I would like to create a program that uses a convolutional neural network to create an output of what famous quotes from movies or soundtracks would sound like from a learned expression of gathered data, from 10,000 files (mp3's or mp4 conversions to mp3's), using a “scalar” system to program the output by different levels of detection: with frequency and time. The program would go through each individual layer of detection to find, on a 0 to 1 spectrum, how high each millisecond of playback is interpreted. The closer to 1 the number is, the more “voice” the frequency is per millisecond.

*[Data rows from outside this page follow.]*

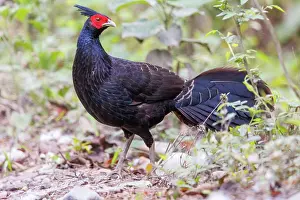 Assam: kalij pheasant (Lophura leucomelanos)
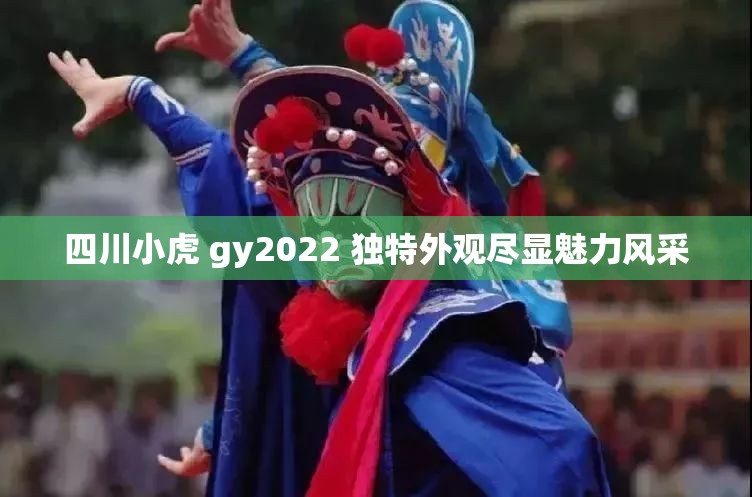 四川小虎 gy2022 独特外观尽显魅力风采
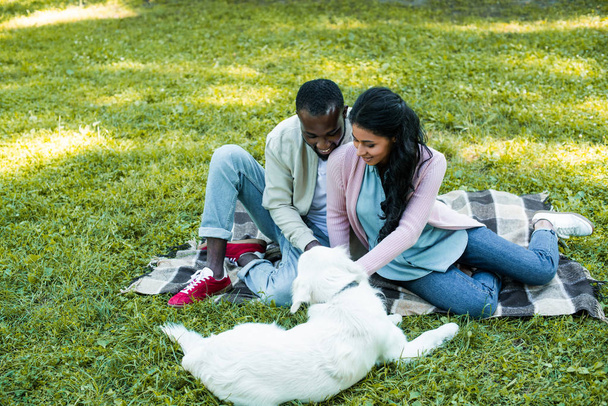 couple afro-américain assis sur la couverture dans le parc et regardant chien
 - Photo, image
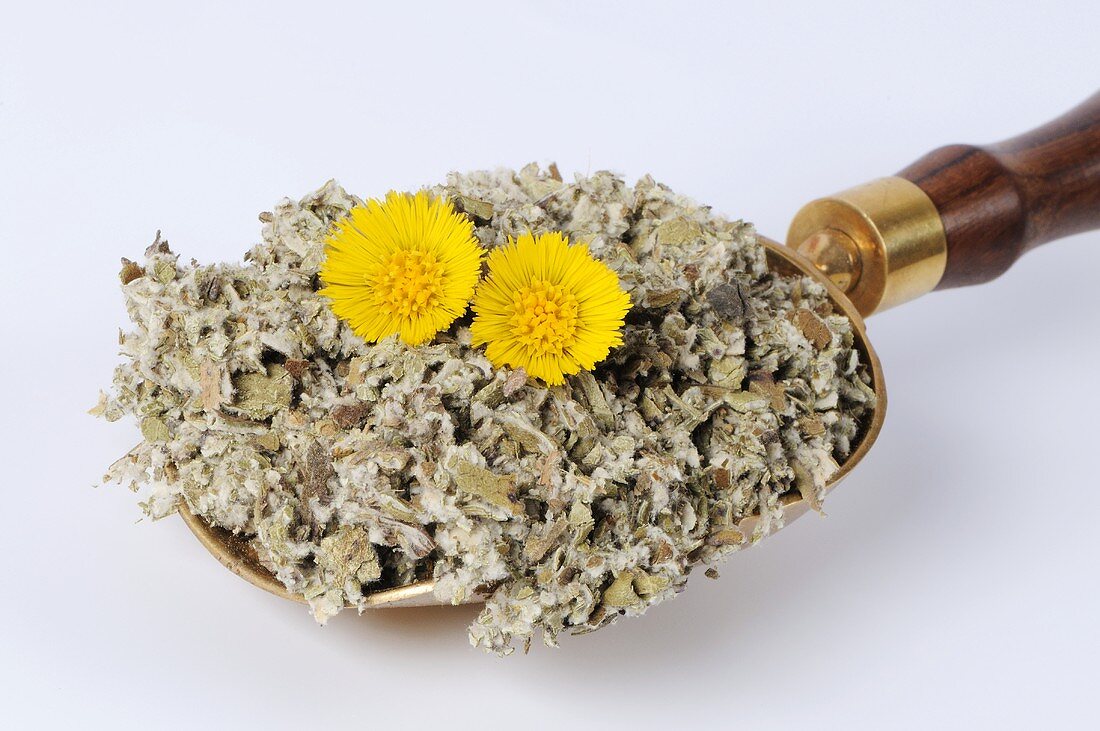 Coltsfoot, dried leaves and flowers (Tussilago farfara)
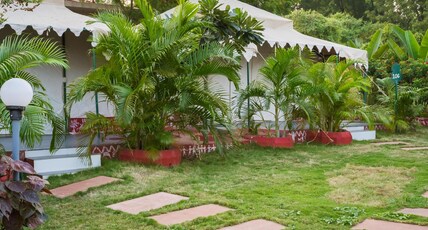 River View Tent Resort Room Type - RIVER VIEW TENT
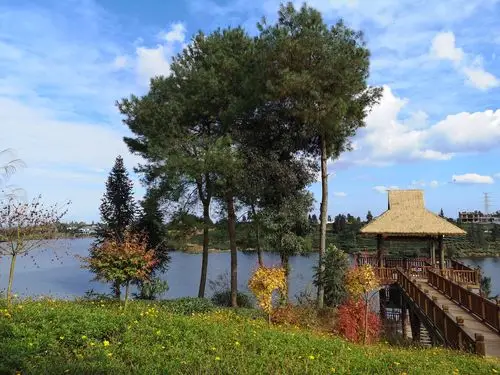 "浪漫茶乡"名山月亮湖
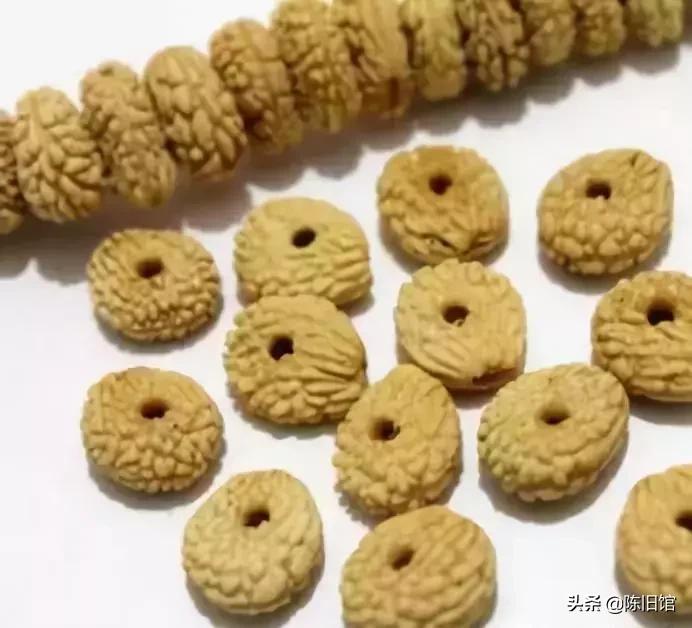 最值得玩的菩提子,真正的菩提子
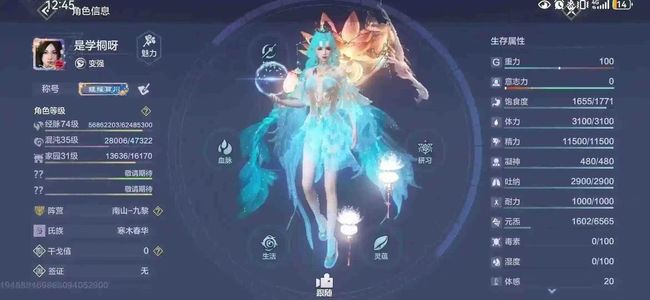 妄想山海【99级】雷神第一梯队双神兽绝版莲花台子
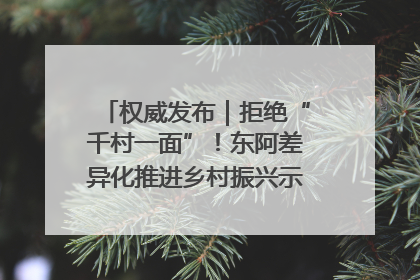权威发布｜拒绝“千村一面”！东阿差异化推进乡村振兴示范片区建设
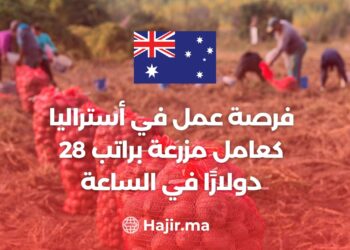 Job Opportunity in Australia as a Farm Worker With a Salary of $28 Per Hour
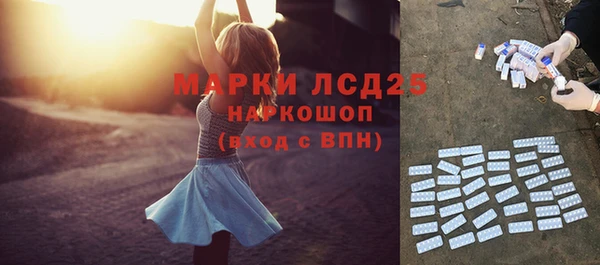 spice Гусев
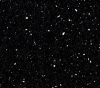7002 ÀÍÄÐÎÌÅÄÀ ×ÅÐÍÀß (Ã)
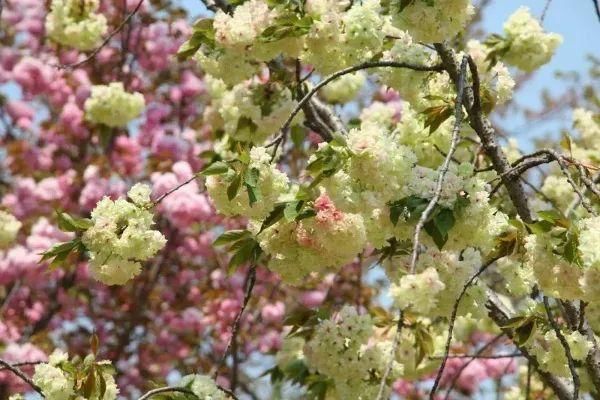  「上海植物园」碎花裙上的“花花世界”，到底有哪些花？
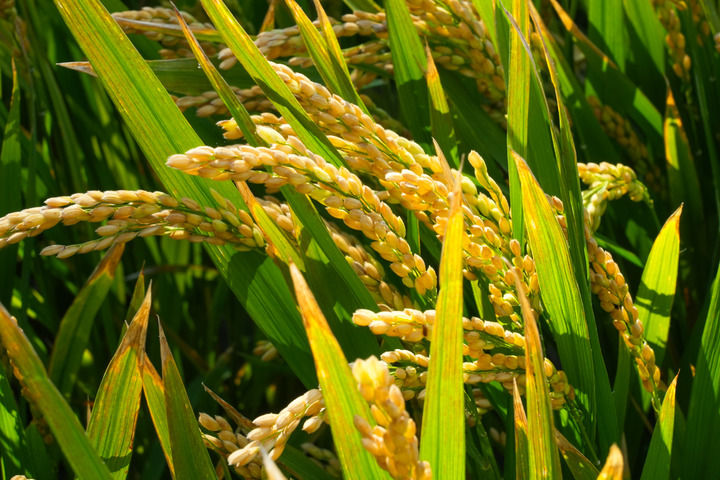 上海农业不只在上海,更在广阔天地(图2) 上海农业不只在上海,更在广阔天地(图2)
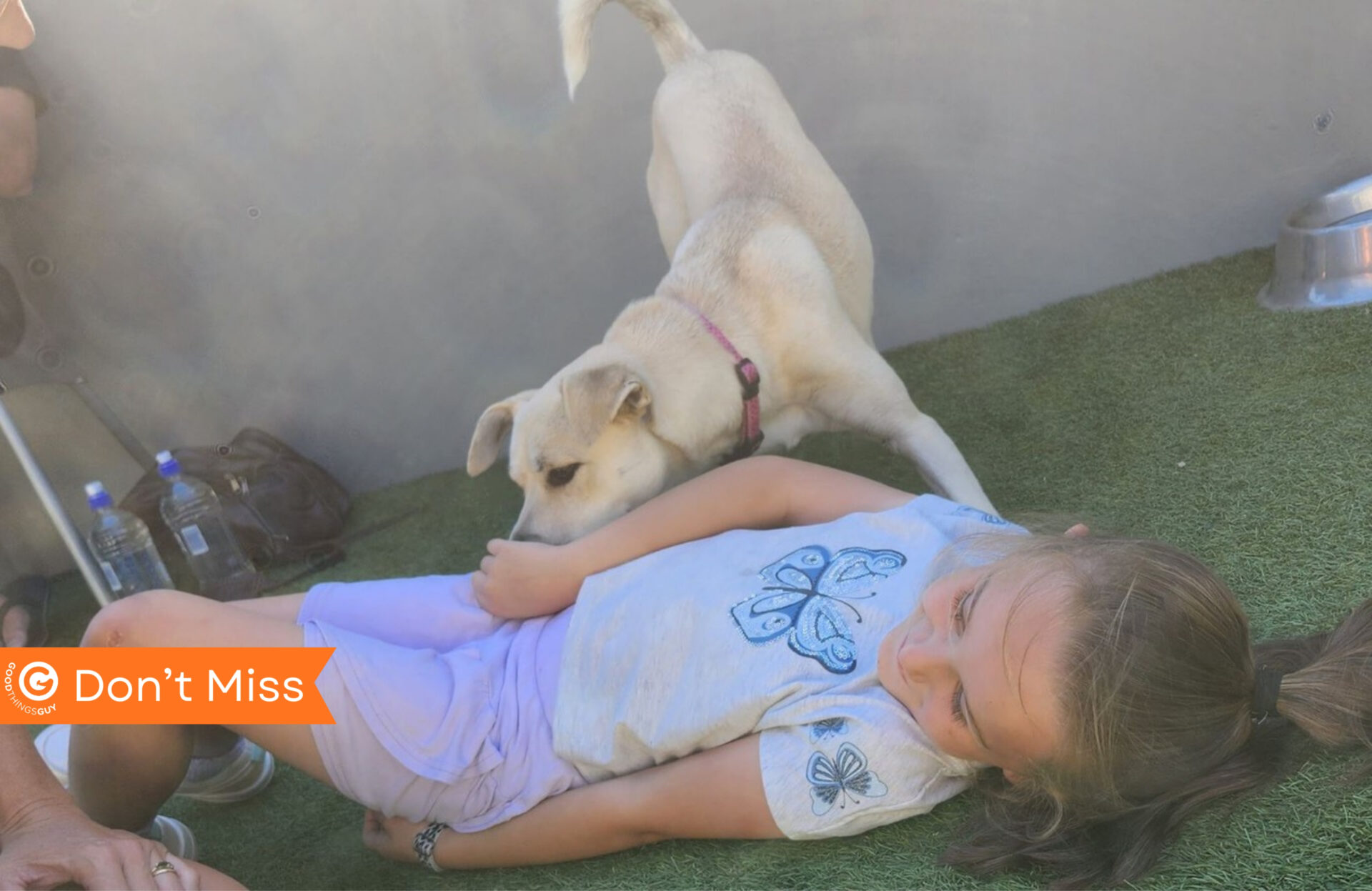 seizure alert dog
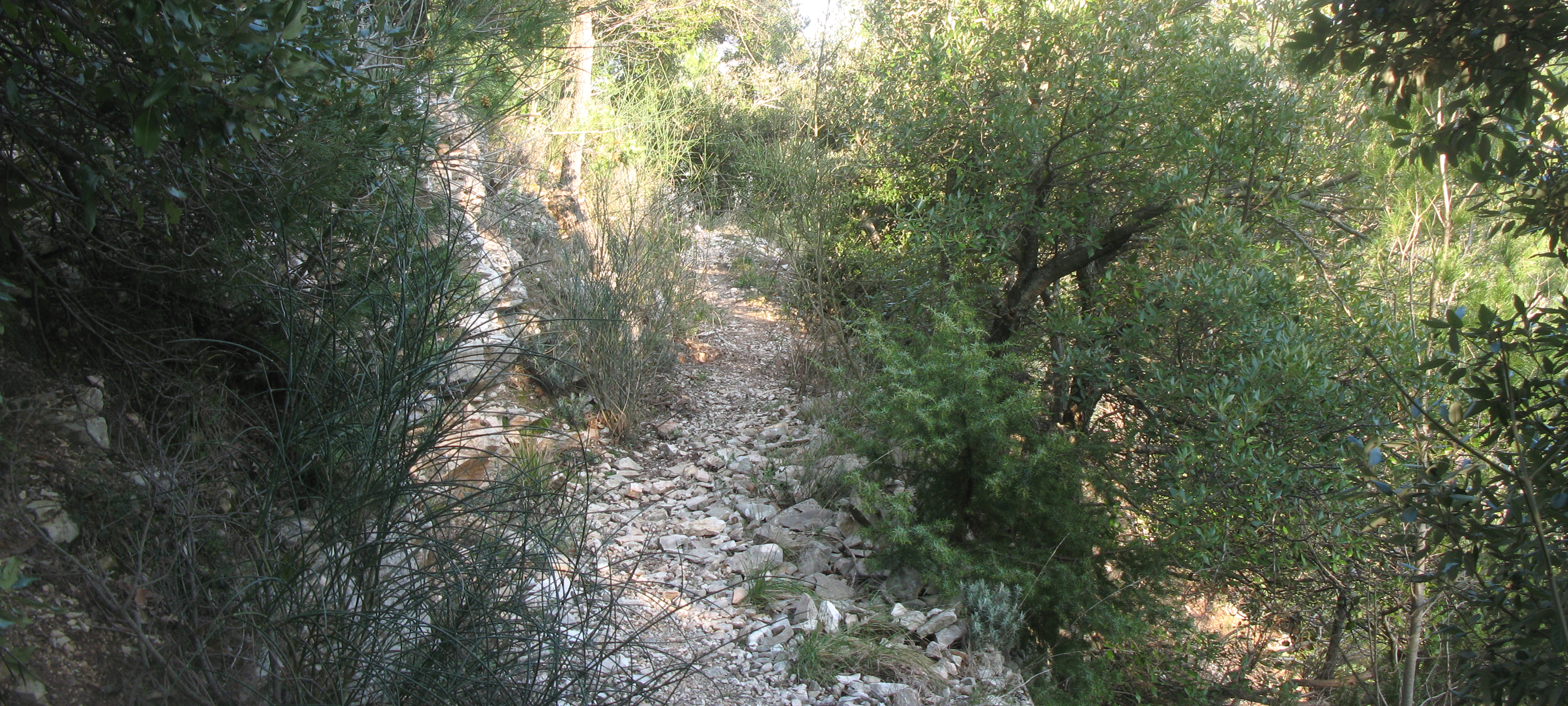 Gola del Furlo Sentiero 440A - immagine 7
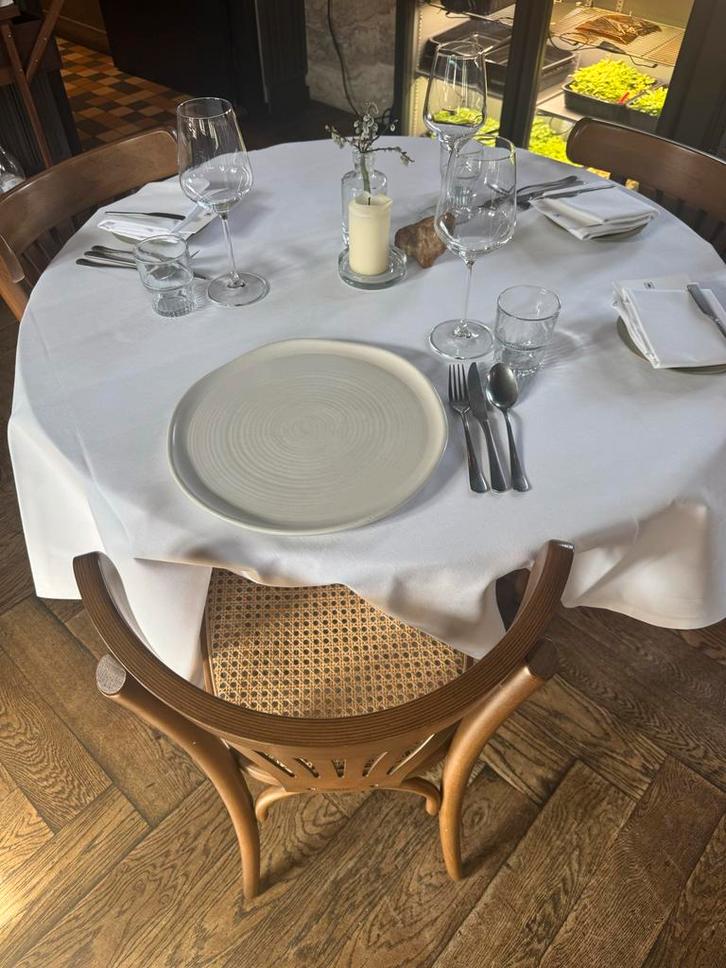 Dudson borden (pizza 33 cm en hoofdgerecht 29 cm), Huis en Inrichting, Keuken | Servies, Gebruikt, Bord(en), Effen, Keramiek, Ophalen of Verzenden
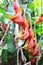 Red palulu heliconia flower, Heliconia bihai, tropical flower species, Teresópolis, Rio de Janeiro, Brazil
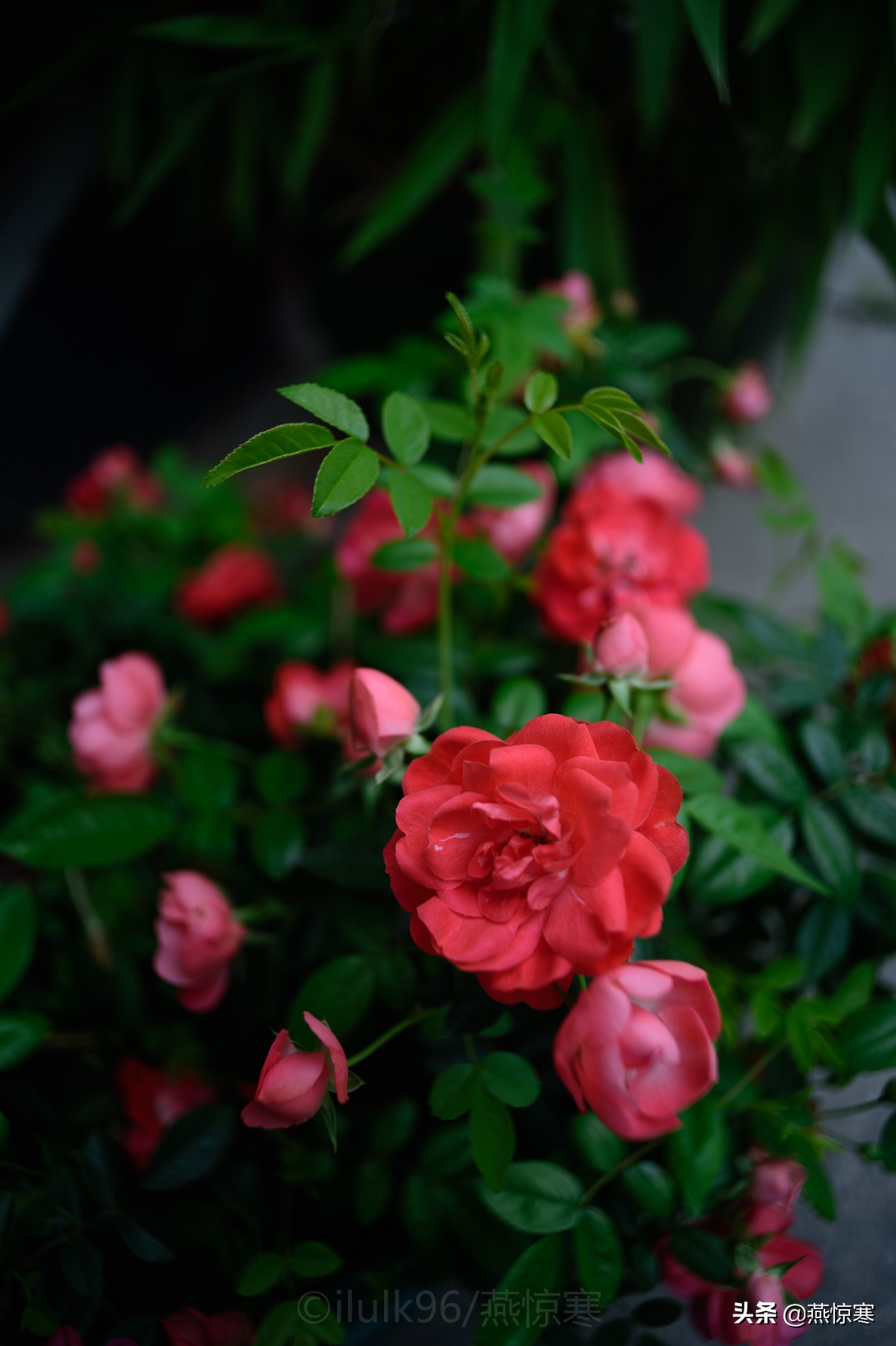 尼康单反有哪些经典镜头,尼康十大经典相机与镜头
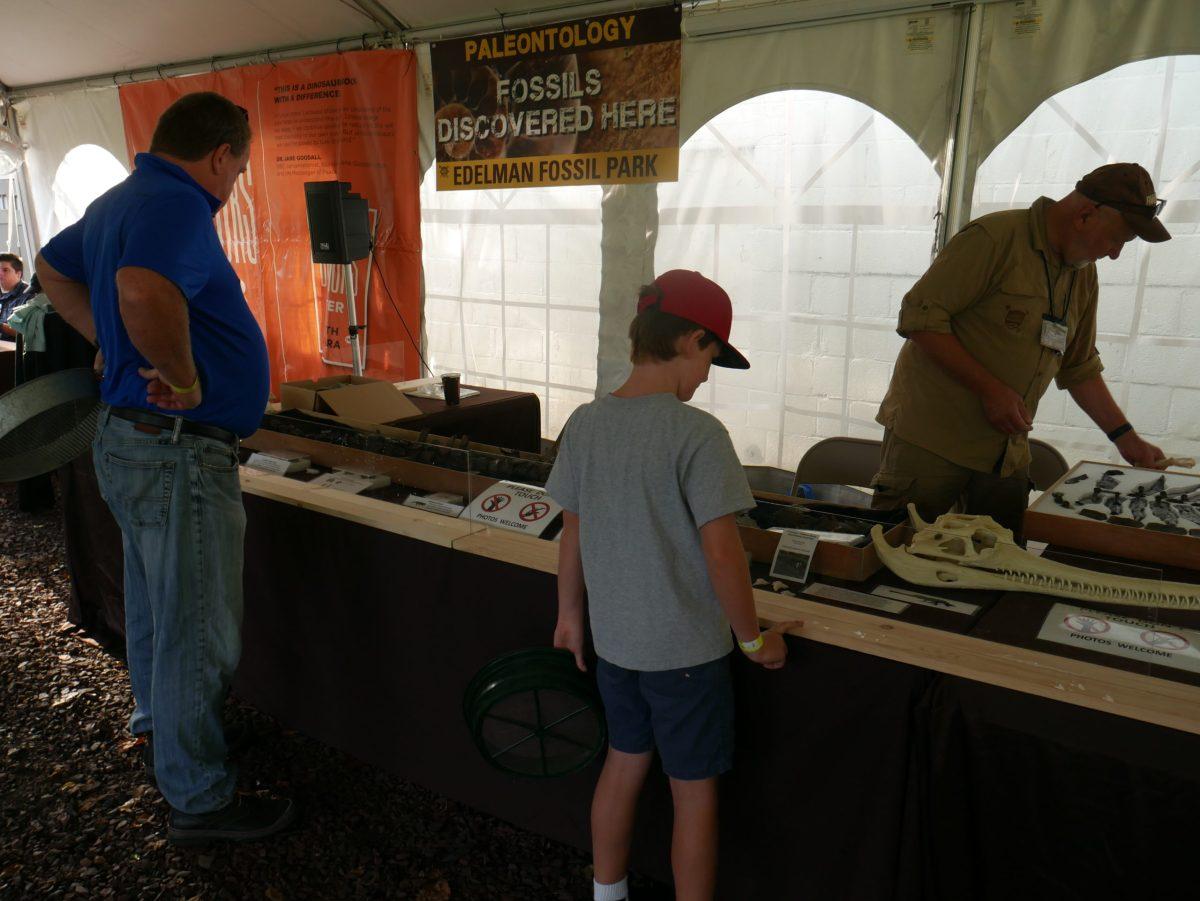 The Edelman Fossil Park displayed fossils at last year's 8th annual community dig day. Dr. Lacovara, the founding dean of Rowan's School of Earth and Environment, showed fossils during a virtual Dinos at Dinnertime event. - Managing Editor / Tara Lonsdorf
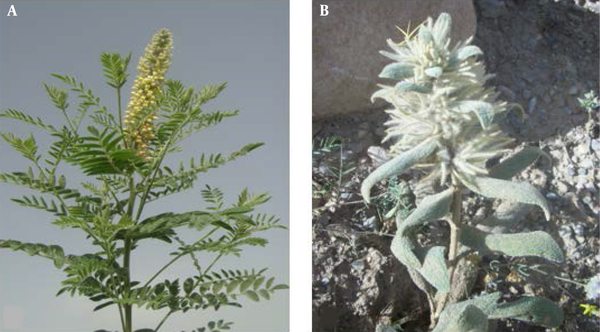 Appearance characteristics of Glycyrrhiza glabra (A) and Salvia officinalis (B) plants
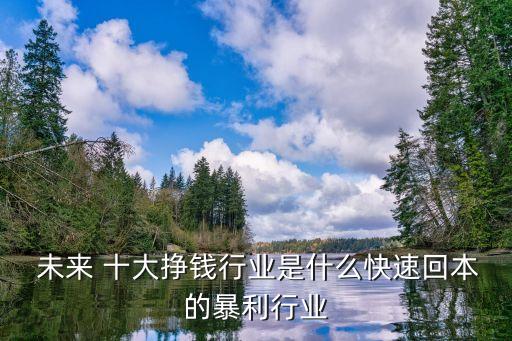  未來(lái) 十大掙錢(qián)行業(yè)是什么快速回本的暴利行業(yè)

This would mean 5000 milliseconds of voice. in a pattern per ‘example’ would be needed from each given example analyzed. 5000? Why such a randomly seeming number? 5000 milliseconds are in 5 seconds, thus why we need to analyze that many. Creating a visualization of the soundbite would be simple to do, by illustrating it with a depiction of a scrolling horizontal set of pixels that represents the length of time and the vertical axis which represents the frequency of the pitch. The x axis would be negative infinity to positivity infinity while the y axis would be the same, but, to make things simple, most humans can only hear up to 13,000 MHz, so that’s where we’d cap the boundaries for positive frequency.

So taking all of that into account, we could create and image with the dimensions 1300xtime, where as 1 millisecond is 1 pixel created on the horizontal scrolling axis. 1300 to condense the image into a smaller representation because 13,000 is just a lot to render and would require a lot of computing power.